Plenty of disclosure; not enough information

As the last wave of new fee disclosures is readied for inclusion with quarterly statements this month, the big question remains: What impact, if any, will the barrage of fee disclosures have on the retirement plan marketplace in general, and, more specifically, on retirement readiness for participants?

While the pricing landscape for retirement plan recordkeepers is, in many cases, still a confusing combination of basis points, rebates, formulas, and wraps, we have seen a marked uptick in sales activity as an increasing number of plan sponsors endeavor to measure the reasonableness of their vendors’ fees, services, and value. The service provider disclosure requirements of 408(b)2 should have a positive effect on the retirement plan marketplace, allowing sponsors a better understanding of the underlying fee components and fee assessment methodologies, and making them better prepared to compare their fees with market rates. Increasingly prevalent and accurate benchmarks should lead to lower and more equitable fees, lower-cost investment options, and improved retirement savings for many participants.

But this month, the focus is on the 404(a)5 disclosures for participants. Yes, it’s important that participants understand that their retirement plans are not free, and that their investment decisions affect the expenses charged to their retirement savings accounts. But will that really be accomplished by sending information that vast segments of the participant population won’t properly study—and when even those who do will not have any context to gauge the “new” fees that appear therein? Only a third of participants spent more than five minutes looking at the annual disclosures they received last quarter, and only a fraction of a percent actually called to ask questions of their plan sponsors and service providers. How many participants will notice the additional fee detail on their statements this quarter? And for those who do, will they have the knowledge to appropriately interpret the information they’ve been provided?

Recordkeepers and plan sponsors should not rely on participants to process these disclosures into actionable decisions on their own. The required disclosures, while a step in the right direction, are far from sufficient. If we want participants to understand and take appropriate action in their accounts, service providers and plan sponsors need to proactively engage with participants, using communication strategies targeted to each specific population segment that will deliver the appropriate tools for effective decision making.

What to look for in 2012: Defined contribution plans

Defined contribution (DC) plans
July 1, 2012, is a significant date for defined contribution (DC) plan sponsors, including persons who have legal responsibility for managing someone else’s money, trustees, and investment committee members. By that date, plan sponsors should have received information from all plan service providers disclosing their status as it relates to the plan, such as an ERISA fiduciary and/or registered investment advisor, their estimated fees, how they are compensated, and the services they provide. The new U.S. Department of Labor (DOL) regulations are intended to improve fee disclosure to regulators, plan sponsors, and plan participants. Plan sponsors have a fiduciary responsibility to review, for reasonableness, the compensation of their service providers that is paid from plan assets both directly and indirectly. However, in our experience, some plan sponsors are not aware of the total amount of fees paid from the plan or how they are calculated.
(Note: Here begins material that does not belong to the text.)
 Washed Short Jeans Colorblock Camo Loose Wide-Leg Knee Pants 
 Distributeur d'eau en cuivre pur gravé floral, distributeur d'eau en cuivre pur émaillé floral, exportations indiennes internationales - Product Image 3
Many plan fiduciaries may not be aware that it is both a fiduciary breach and prohibited transaction to allow the plan to pay more than what is considered reasonable expenses. In practice, how does a fiduciary determine if plan fees are reasonable? If you’ve taken your plan out to bid within the last three years, you should have current market information and documentation for your due diligence files to support the fees you are paying, or have taken action by going back to your service provider(s) to negotiate lower fees on behalf of plan participants. In lieu of going out to bid, there are other options available: for example, you can benchmark your plan. The DOL has developed fee disclosure worksheets that can be found on their website at: DOL Publications “Understanding Retirement Plan Fees and Expenses “ and “Cost Disclosure Sheet.”

There is nothing in the regulations to imply a plan must have the lowest fees, just that the plan’s fees be reasonable and commensurate with the services provided. Qualitative differences in services may impact fees. For example, quality of service varies with respect to the range of planning and guidance tools available to participants, which may drive up fees. We strongly encourage plan sponsors to develop a diligent process to evaluate fees on an ongoing basis and to document their processes. Costly litigation can be avoided by implementing a sound process, which shows that you have taken reasonable steps to fulfill your plan fiduciary responsibilities.